Investigate the exponential distribution in R and compare it with the Central Limit Theorem. The exponential distribution can be simulated in R with rexp(n, lambda) where lambda is the rate parameter. By investigating the distribution of averages of 40 exponentials, illustrate via simulation and associated explanatory text the properties of the distribution:
Create the test bench and obtain the data
set.seed(28) #set the seed of R’s random number generator before simulating random values is a good practice.
lambda <- 0.2 # The provided lambda parameter
exp_num <- 40 # The number of exponentials
simu_num <- 1000 # And the number of simulations
#Run the simulations
simulation <- replicate(simu_num, rexp(exp_num, lambda))
#Calculate the means of the exponential simulation
means <- apply(simulation, 2, mean)
The mean of the exponential distribution is equal to 1/lambda. As our
lambda is equal to 0.2, the theoretical mean should be 5. The graphical
representation below depicts the relationship with our simulation
mean.
sample_mean <- mean(means) # Get the final mean figure
theory_mean <- 1/lambda # The exponential theoretical mean
# Now plot an histogram to see things clear
r <- hist(means, main = "Exponential Sample Means - (Simulated)", col = "lightgray", breaks = 100)

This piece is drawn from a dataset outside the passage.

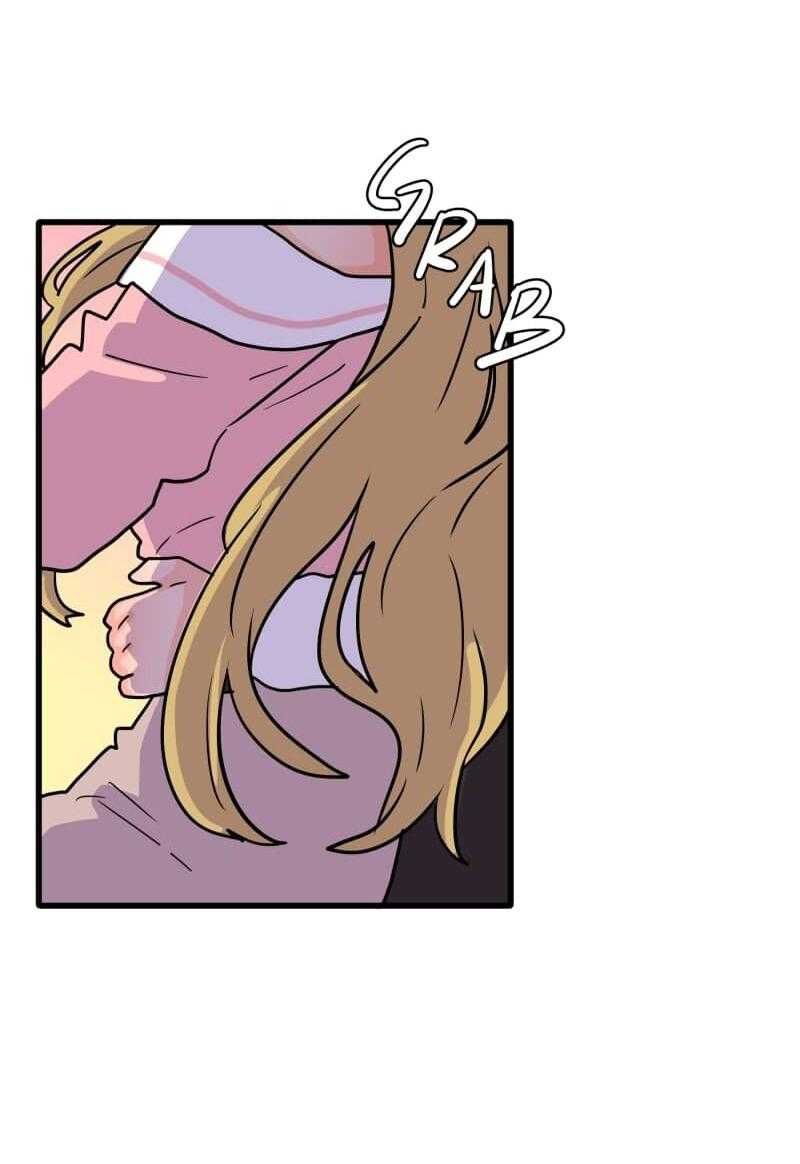 Truyện Ngôn Nhưng Không Ngôn Lắm Chapter 118 - 73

abline(v = sample_mean, lwd = 4, col = "red")
abline(v = theory_mean, lwd = 4, col = "blue3")
# And show our numbers
text(6.5, 30, paste("Sample mean = ", round(sample_mean,2)), col="red")
text(6.5, 28, paste("Theoretical mean = ", round(theory_mean,2)), col="blue3")
Our code above shows that the sample mean is very close to the theoretical mean of 5.
To find the variance, first find the standard deviation of the exponential distribution which is equal to \((1/\lambda)/\sqrt(n)\) . And then, square the standard deviation to calculate the variance.
theory_sd <- (1/lambda)/sqrt(exp_num)
sample_sd <- sd(means)
theory_var = theory_sd^2
sample_var = sample_sd^2
| Parameter Type | Standard Deviation | Variance |
|---|---|---|
| Theoretical | 0.7906 | 0.625 |
| Sample | 0.7867 | 0.6188 |
Same as the mean, the values of the variances are also close to each other.
Considering that according to the Central Limit Theorem, the means of the sample simulations should follow a normal distribution, this section should investigate whether the exponential distribution is approximately normal and follows it.
# Provide the histogram of the simulation as background
hist(means, main = "Normal Distribution X Simulation", col = "lightgray", breaks = 100)
# Overlap the normal distribution
xfit <- seq(min(means), max(means), length = 100)
yfit <- dnorm(xfit, mean = 1/lambda, sd = (1/lambda)/sqrt(exp_num))
lines(xfit, yfit*60, lwd=2, col="red")
# And the simulation density
den <- density(means)
lines(den$x, den$y*60, lwd=2, col="blue")
# Provide the legend
text(6.5, 30, "Normal Distribution", col="red")
text(6.5, 28, "Simulation Density", col="blue3")
We may see above that the distribution of means of random sampled exponentials overlaps with the normal distribution. Also, due to the Central Limit Theorem, increasing the number the samples from 1000 will cause the simulation distribution to come even close to the normal distribution.